Des complicités étonnantes

On comprend que les responsables de ce syndicat entièrement dévoué à la défense d’un modèle d’agriculture chimique aient cherché à étouffer l’affaire (même si c’est inexcusable d’un point de vue déontologique). Ce qui est plus étonnant, ce sont les contradictions des services de l’Etat. La préfecture d’Aquitaine a publié un premier rapport après les événements affirmant : “tout indique que l’épandage des produits à proximité de l’école s’est déroulé dans des conditions inappropriées sans qu’aient été prises toutes les précautions pour le voisinage” (voir cet article du Nouvel Obs en 2015). Mais le Directeur de la DRAAF, François Projetti aurait ensuite, selon Sud-Ouest, estimé “qu’il n’est pas possible d’attester formellement de la réalité et de la matérialité de l’infraction”. Autrement dit, il a contredit les conclusions de ses services, ce qui aurait convaincu le procureur de classer l’affaire sans suite.

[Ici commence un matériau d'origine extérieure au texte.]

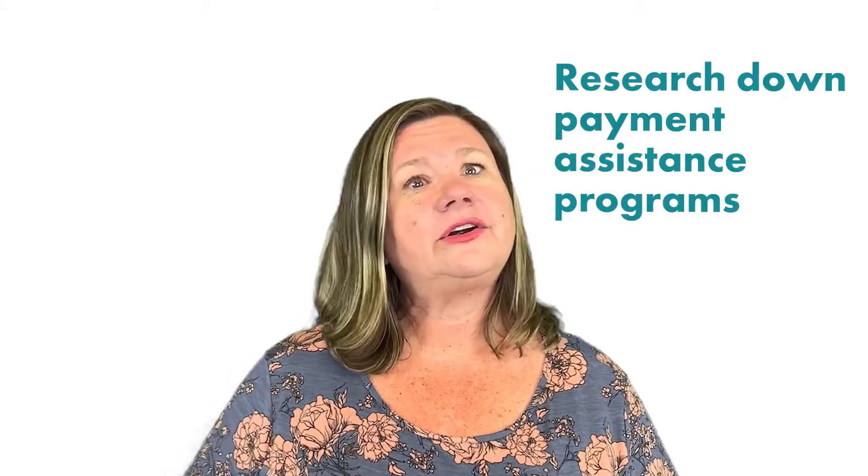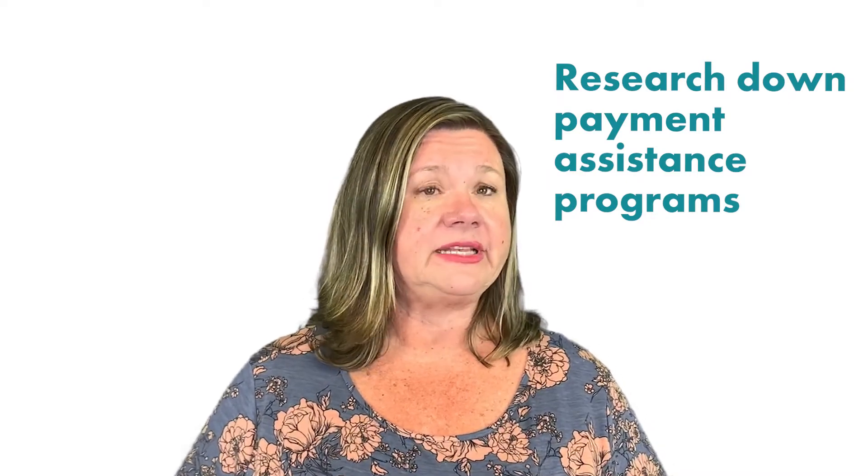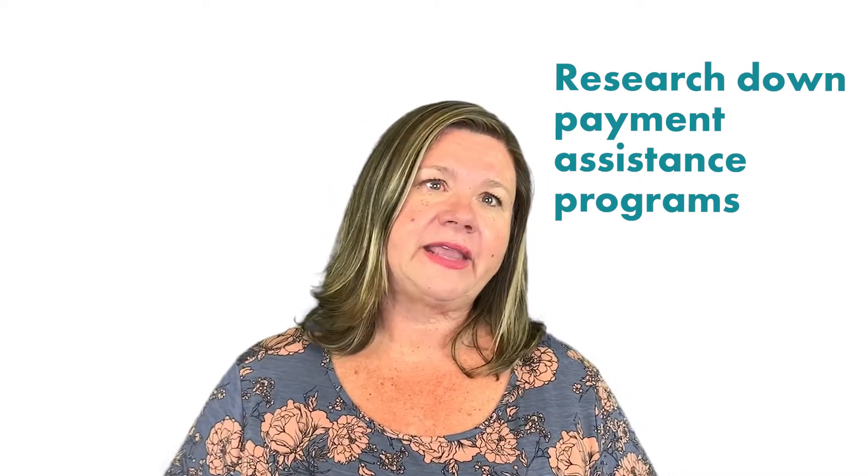There are also some down payment assistance programs if you qualify. To figure out how much down payment you'll need, talk to a knowledgeable, local, experienced lender and have them walk you through your options.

Parvenir après tous ces dénis, ces mensonges, ces pressions à une condamnation au moins de principe des deux exploitants pour avoir laissé leurs épandages sortir des parcelles est donc à mettre au crédit de la Justice. Voilà pourquoi nous nous félicitons de l’initiative du Parquet Général et de la suite donnée à cette affaire, même s’il reste beaucoup à faire pour réglementer l’usage des pesticides, notamment autour des établissements sensibles.

Cette photo d’août 2016 montre la (très faible) distance entre la parcelle de Castel la Rose et le grillage de la cour de récréation de l’école de Villeneuve. On ne voit aucune trace des plantations de haies pourtant annoncées depuis plusieurs mois dans la presse locale.